Research tools for design margins

MARVIN

Research tools for analysing design margins in complex engineered systems

Three integrated modules — parametric margin valuation, top-down margin allocation, and probabilistic margin risk — built around the Margin Value Method.

Module 1 · MARVIN

Margin Value Analysis

A step-by-step walkthrough of building, analysing, and interpreting a Margin Analysis Network.

Tutorial in preparation The structure below is final, but screenshots and worked example figures will be added as the module's documentation is completed.

Before you start

This tutorial walks through a full MVM analysis on a small worked example: a belt conveyor design where pump pressure must satisfy a load-driven threshold. By the end you will have built a Margin Analysis Network, run an analysis, and interpreted the resulting Margin Value Plot.

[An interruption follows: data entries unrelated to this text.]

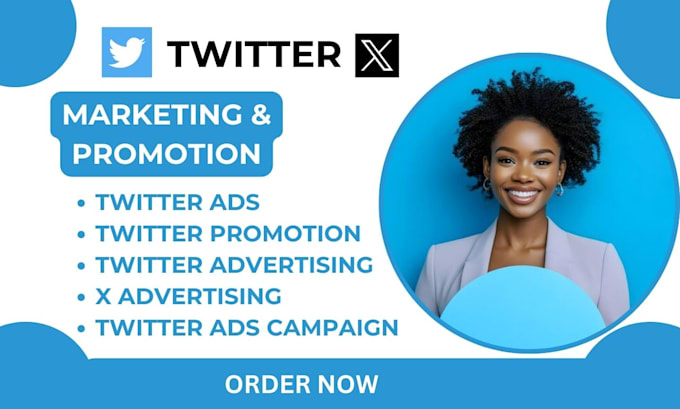 Gig Preview - Setup twitter ads campaign, setup x ads campaign, x advertising, x ads campaign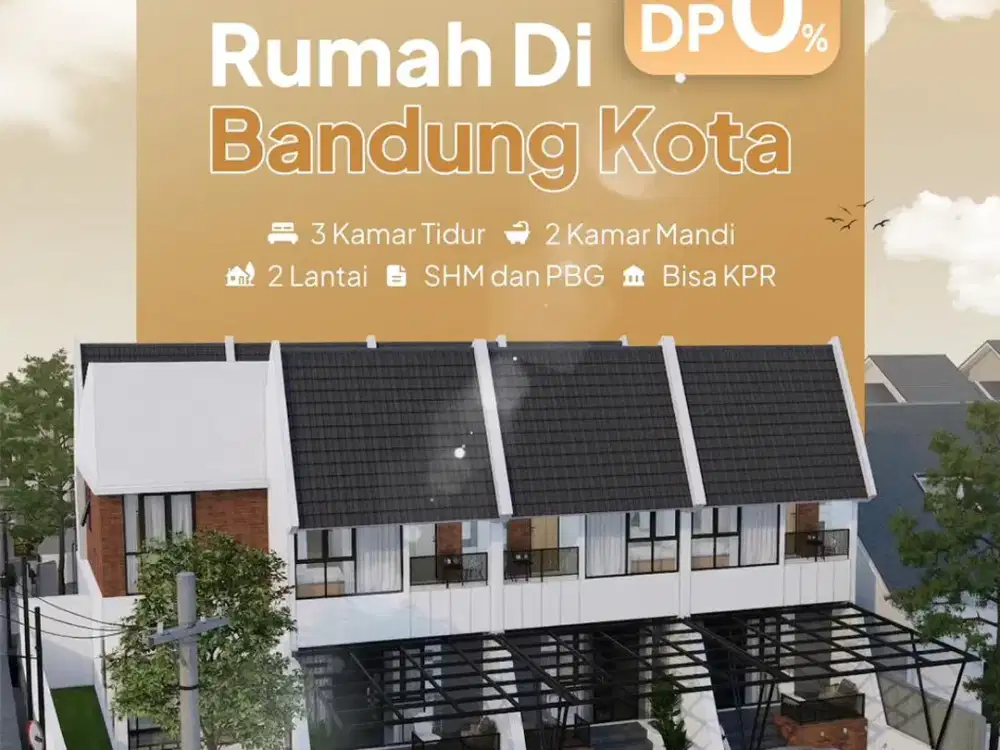 Tanpa DP! Rumah 2 Lantai di Bandung Kota – 6 Menit Jl. AH Nasution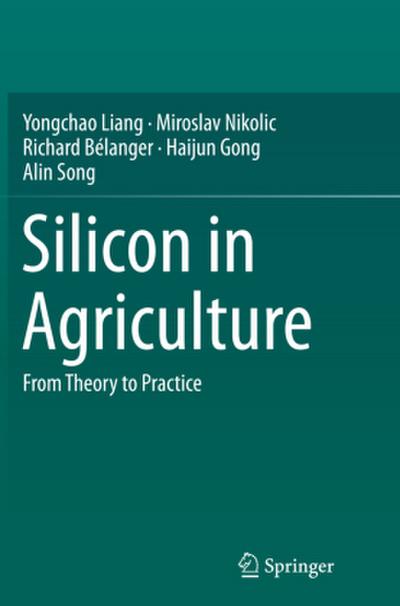 Silicon in Agriculture
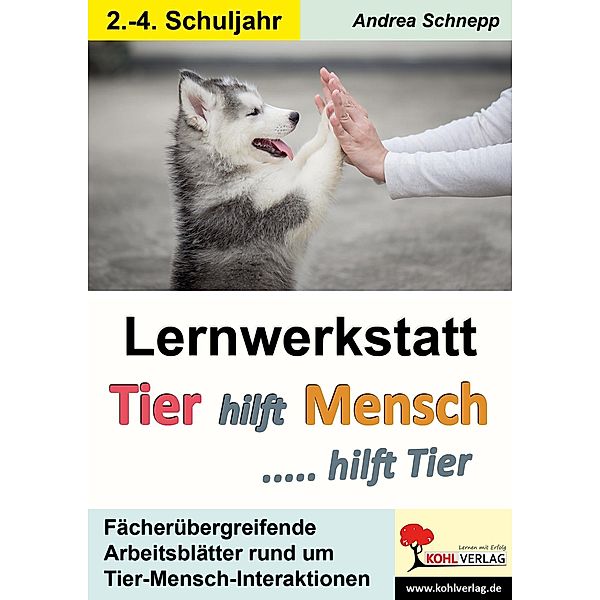 Lernwerkstatt Tier hilft Mensch ... hilft Tier, Andrea Schnepp
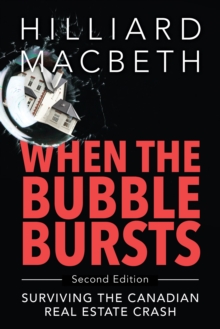 When the Bubble Bursts : Surviving the Canadian Real Estate Crash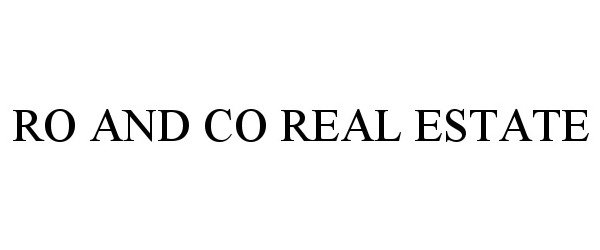 Trademark Logo RO AND CO REAL ESTATE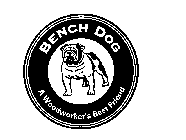 BENCH DOG A WOODWORKER'S BEST FRIEND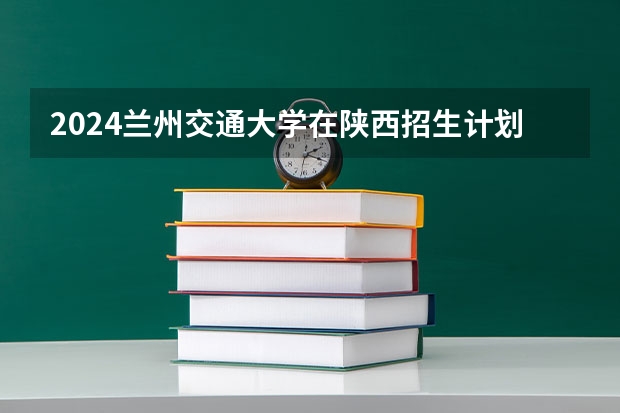 2024兰州交通大学在陕西招生计划人数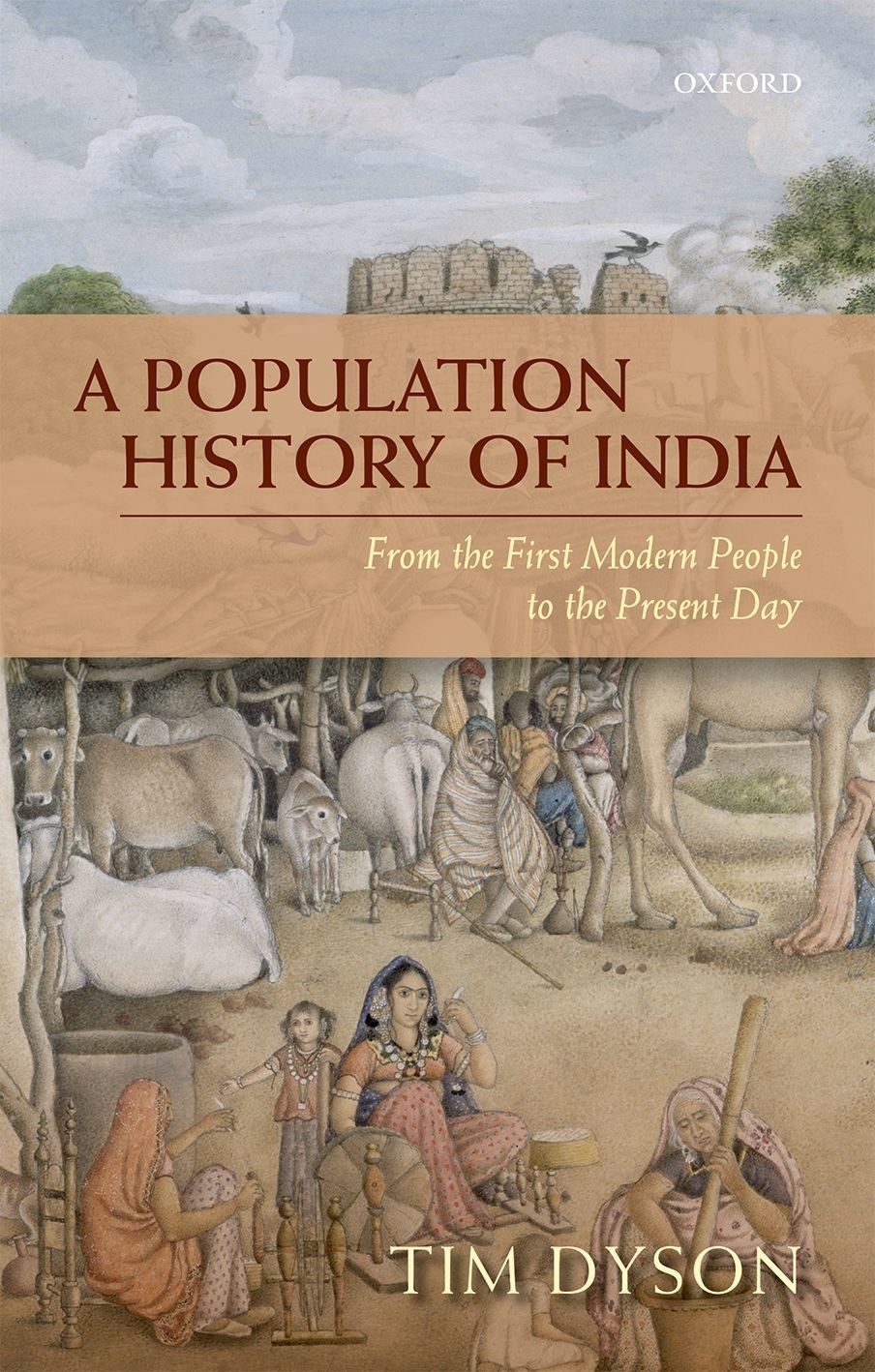 A Population History Of India Tim Dyson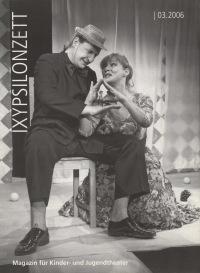 Theater für Kinder und mit Kindern – Eine Liaison mit Zukunft? IXYPSILONZETT "IXYPSILONZETT 03/2006"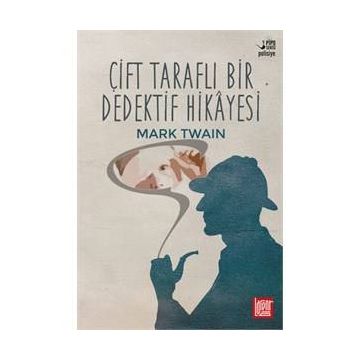 Çift Taraflı Bir Dedektif Hikayesi - Mark Twain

You only need a modern web browser. The module runs entirely client-side; no installation is required.

Walkthrough

01

Define inputs and parameters

Drag input nodes onto the canvas for the parameters that may change during the design's life — mass, height, environmental conditions. Mark the performance parameters you ultimately care about (for example, design pressure or efficiency).

Screenshot: input nodes on the canvas
02

Add calculation nodes

Wire deterministic calculations between inputs and downstream parameters. Each calculation node carries a formula, an optional lookup table, or a surrogate model. Greek letters and standard mathematical functions are supported.

Screenshot: calculation nodes wired up
03

Add decision nodes

Capture catalogue or discrete-choice decisions. A decision node automatically registers a margin between its decided value and the threshold required by the network — for example, the chosen pump's rated pressure versus the pressure required by the load.

Screenshot: decision node and auto-generated margin
04

Run the analysis

Open the analysis panel, optionally set weights on inputs and performance parameters, and run. The engine computes local excess, impact, and absorption for every margin in the network.

Screenshot: analysis panel and result table
05

Read the Margin Value Plot

Margins are placed on a bubble chart with impact on the X-axis, absorption on the Y-axis, and bubble size set by local excess. Use the four-quadrant interpretation in the Overview to decide which margins to keep, trade off, ignore, or reduce.

Screenshot: Margin Value Plot
06

Iterate the design

Change a parameter, swap a catalogue selection, or restructure the network and re-run. The Margin Value Plot updates so you can see whether your edit moves margins into more favourable quadrants.